CBS News editor-in-chief Barry Weiss decided to delay the segment
hours before it was set to air on the long-running television show,
saying that it needed additional reporting.
60 Minutes correspondent Sharon Alfonzi,
who reported the segment,
criticized Weiss's decision to, quote, spike the story as political
in a widely reported memo to her colleagues.
Shortly thereafter, the streaming app for a Canadian CBS
affiliate, ran a version of the segment that was shared online in the U.S., sparking debate about
Weiss's justification for the move and broader editorial changes at CBS News.
The segment focused on Seacott's treatment of Venezuelan men, who the Trump administration
claimed were gang members after they were transported by the United States to the prison in March.
Seacot is the largest prison facility in Central America, and watchdog groups have reported that it
routinely violates its prisoners' human rights.
The Trump administration's deportations were controversial,
as they were justified under a 1798 wartime law,
the Alien Enemies Act,
and mistakenly sent at least one person, Kilmar Ibrego-Garcia, to El Salvador.
All of the Venezuelans sent to Seacot were released and returned to their home country
this summer in a U.S. brokered prisoner exchange.
Separately, in October, Paramount Skydance, the owner of CBS,
named Weiss the editor-in-chief of CBS News after it acquired the free press,
a media company she founded in 2021.
Weiss previously worked as an opinion editor at the Wall Street Journal and the New York Times,
but she resigned from the latter in 2020, alleging a hostile work environment.
Paramount's merger with Skydance was approved after Paramount settled a lawsuit filed by President Donald Trump
against 60 Minutes for $16 million over its edict.
editing of an interview with former Vice President Kamala Harris.
After Weiss delayed the Seacott segment, Alfonzi criticized the decision to her colleagues,
writing, quote, Our story was screened five times and cleared by both CBS attorneys and standards and practices.
It is factually correct. In my view, pulling it now, after every rigorous internal check has been met,
is not an editorial decision. It is a political one. We requested responses to questions and
interviews with the Department of Homeland Security, the White House, and the State Department.

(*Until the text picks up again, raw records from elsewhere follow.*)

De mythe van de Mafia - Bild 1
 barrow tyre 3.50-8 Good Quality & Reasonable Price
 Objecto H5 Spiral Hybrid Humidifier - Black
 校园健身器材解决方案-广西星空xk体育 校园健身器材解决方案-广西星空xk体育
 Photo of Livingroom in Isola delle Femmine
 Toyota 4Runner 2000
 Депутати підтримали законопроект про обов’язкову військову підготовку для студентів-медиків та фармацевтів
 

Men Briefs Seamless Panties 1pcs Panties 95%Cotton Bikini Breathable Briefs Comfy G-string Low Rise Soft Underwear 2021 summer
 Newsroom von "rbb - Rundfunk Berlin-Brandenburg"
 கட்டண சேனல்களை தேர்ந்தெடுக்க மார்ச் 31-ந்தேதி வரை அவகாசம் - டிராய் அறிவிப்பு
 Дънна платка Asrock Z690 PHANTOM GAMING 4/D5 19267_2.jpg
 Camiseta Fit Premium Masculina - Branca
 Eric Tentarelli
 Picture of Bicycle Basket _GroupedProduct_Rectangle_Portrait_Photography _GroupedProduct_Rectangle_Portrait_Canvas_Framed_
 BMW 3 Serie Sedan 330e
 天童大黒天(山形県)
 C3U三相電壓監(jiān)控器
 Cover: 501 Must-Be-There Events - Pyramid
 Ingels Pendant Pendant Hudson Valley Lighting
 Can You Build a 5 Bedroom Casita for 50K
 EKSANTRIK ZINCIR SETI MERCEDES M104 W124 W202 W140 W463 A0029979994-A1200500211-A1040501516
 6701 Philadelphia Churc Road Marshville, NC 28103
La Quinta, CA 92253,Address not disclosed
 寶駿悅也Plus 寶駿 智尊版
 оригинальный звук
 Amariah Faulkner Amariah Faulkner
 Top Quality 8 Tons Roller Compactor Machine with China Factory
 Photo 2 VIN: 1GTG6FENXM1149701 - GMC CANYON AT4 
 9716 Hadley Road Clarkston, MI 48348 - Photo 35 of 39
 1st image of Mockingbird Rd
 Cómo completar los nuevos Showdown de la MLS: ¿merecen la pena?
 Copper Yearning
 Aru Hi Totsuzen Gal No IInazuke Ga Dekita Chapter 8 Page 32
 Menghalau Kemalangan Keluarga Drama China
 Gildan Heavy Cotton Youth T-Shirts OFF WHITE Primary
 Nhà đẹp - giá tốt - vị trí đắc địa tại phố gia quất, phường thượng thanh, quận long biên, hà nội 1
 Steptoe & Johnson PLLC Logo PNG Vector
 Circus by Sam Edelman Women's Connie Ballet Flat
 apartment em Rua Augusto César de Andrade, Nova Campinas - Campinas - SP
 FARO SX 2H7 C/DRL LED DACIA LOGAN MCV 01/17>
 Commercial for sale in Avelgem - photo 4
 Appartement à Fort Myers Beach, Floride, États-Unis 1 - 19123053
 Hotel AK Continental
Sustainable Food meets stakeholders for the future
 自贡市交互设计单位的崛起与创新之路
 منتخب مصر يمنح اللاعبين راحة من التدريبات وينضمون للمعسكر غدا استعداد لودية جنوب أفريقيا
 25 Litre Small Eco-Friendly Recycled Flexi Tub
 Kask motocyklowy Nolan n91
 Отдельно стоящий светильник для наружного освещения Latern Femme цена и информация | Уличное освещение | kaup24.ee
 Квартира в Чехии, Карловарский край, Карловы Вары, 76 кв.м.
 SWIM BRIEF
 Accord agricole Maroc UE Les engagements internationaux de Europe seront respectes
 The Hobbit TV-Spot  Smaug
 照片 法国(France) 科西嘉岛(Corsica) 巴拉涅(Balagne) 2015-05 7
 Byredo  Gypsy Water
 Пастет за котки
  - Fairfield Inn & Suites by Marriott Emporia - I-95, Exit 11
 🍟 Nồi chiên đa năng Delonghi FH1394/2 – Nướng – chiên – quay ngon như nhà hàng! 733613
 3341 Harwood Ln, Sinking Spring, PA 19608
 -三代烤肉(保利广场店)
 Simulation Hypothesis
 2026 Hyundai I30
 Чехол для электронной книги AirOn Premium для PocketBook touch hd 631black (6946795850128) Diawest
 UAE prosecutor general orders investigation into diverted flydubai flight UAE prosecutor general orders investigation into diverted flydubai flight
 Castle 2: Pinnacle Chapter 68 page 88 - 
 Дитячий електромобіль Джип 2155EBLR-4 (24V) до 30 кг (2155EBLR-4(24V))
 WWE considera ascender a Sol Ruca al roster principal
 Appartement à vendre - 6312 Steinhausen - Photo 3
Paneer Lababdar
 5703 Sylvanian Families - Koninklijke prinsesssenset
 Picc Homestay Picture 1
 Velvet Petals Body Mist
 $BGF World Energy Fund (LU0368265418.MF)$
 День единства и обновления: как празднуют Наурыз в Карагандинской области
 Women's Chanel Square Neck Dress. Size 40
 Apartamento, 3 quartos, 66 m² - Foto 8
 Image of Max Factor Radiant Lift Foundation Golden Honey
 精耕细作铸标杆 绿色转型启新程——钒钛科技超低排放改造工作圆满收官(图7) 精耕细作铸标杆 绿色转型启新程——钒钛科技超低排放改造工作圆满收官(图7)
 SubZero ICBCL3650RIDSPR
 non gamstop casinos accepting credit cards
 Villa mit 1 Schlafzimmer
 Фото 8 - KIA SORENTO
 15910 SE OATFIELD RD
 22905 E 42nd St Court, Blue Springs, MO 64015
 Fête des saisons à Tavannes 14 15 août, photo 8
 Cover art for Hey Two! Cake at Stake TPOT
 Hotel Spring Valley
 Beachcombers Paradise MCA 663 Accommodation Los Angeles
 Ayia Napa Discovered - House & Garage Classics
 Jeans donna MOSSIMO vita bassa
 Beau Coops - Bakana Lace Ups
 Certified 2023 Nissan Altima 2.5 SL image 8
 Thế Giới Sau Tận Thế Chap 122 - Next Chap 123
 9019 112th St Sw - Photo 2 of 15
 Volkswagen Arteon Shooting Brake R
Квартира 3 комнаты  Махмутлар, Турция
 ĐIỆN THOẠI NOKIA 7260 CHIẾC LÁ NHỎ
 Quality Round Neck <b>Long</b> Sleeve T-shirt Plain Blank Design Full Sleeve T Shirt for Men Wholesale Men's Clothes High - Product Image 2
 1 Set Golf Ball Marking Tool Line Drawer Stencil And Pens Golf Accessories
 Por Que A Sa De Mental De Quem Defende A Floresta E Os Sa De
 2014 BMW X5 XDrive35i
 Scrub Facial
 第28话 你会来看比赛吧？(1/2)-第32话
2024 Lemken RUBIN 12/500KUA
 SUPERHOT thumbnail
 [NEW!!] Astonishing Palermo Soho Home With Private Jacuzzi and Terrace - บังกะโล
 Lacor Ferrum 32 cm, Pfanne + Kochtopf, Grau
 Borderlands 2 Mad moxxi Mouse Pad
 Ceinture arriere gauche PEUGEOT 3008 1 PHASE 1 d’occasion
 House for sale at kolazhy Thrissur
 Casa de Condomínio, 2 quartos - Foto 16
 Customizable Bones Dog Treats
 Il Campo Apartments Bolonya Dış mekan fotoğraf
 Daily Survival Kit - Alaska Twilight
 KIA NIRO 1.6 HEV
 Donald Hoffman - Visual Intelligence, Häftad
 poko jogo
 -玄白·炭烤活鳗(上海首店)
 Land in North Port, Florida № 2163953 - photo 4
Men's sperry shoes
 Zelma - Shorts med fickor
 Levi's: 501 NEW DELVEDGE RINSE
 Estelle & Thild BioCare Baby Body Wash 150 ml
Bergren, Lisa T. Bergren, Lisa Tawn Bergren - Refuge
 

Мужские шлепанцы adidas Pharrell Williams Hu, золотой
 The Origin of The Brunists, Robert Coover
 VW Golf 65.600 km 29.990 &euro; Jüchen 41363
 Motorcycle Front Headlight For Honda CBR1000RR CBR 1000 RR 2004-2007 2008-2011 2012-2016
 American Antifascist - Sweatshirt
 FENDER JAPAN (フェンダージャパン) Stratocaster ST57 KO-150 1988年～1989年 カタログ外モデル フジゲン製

Government silence is a statement, not a veto. Their refusal to be interviewed is a tactical maneuver
designed to kill the story, end quote. Weiss said she delayed the Seacot segment after determining
that the story did not feature sufficient original reporting and that reporters had not done
enough to represent the Trump administration's perspective. In a memo to 60-minute staff,
Weiss wrote, quote,
If we are going to run another story about a topic that has by now been much covered,
we need to advance it.
Among the ways to do so,
does anyone in the administration or anyone prominent who defended the use of the Alien Enemies Act,
now regret it in light of what these Venezuelans endured at Seacot?
End quote.
Weiss also pressed for criminal records of the deportees,
quotes from Homeland Security Secretary Christy Noem,
who visited the prison in March,
and a legal explanation of the removals from the Trump administration.
Today, we'll get into views from the right and left on the controversy,
followed by executive editor Isaac Saul's take.
Let's jump into what the right is saying.
Many on the right say Weiss's decision upheld journalistic standards.
Some suggest Weiss is correct to question the bias of some 60 Minutes reporters.
Others argue Weiss's job is partly to pander to the Trump administration.
In National Review, Noah Rothman wrote about the 60-minute scandal that wasn't.
A casual survey of the social media landscape would lead neutral observers to conclude
that Weiss's decision to spike the segment is the gravest journalistic sin CBS News has ever committed.
What's more, Weiss was accused of having no other motive than to shield the Trump administration,
which temporarily deported more than 250 illegal migrants to that detention facility from deserved censure,
Rothman said. You can watch it yourself. Those who avail themselves of the opportunity
might conclude that Weiss's concerns about the segment are perfectly valid. The CBS News Chief
chided reporters for failing to get a single quote from administration officials, even those
whom the report impugned. In fact, as Axios reported, the White House, State Department, and Department
of Homeland Security all provided on-the-record comments in response to CBS News's inquiries,
none of which made the air, Rothman wrote. That's how the editorial process works. Stories are flagged
and spiked all the time. It's a common enough occurrence that it's a wonder that this story about a
story ever became a story at all. In Outkick, Bobby Burek argued, Barry Weiss is right to question the 60
Minutes Seacot report after a year of editorial blunders. Alfonzi is right that the lack of government
participation should not be a reason to cancel a story. However, CBS News says the story was not
canceled but delayed. If and when the report airs, we can assess whether the delay resulted in a
worthwhile update to the conditions at SICOT, Burek said.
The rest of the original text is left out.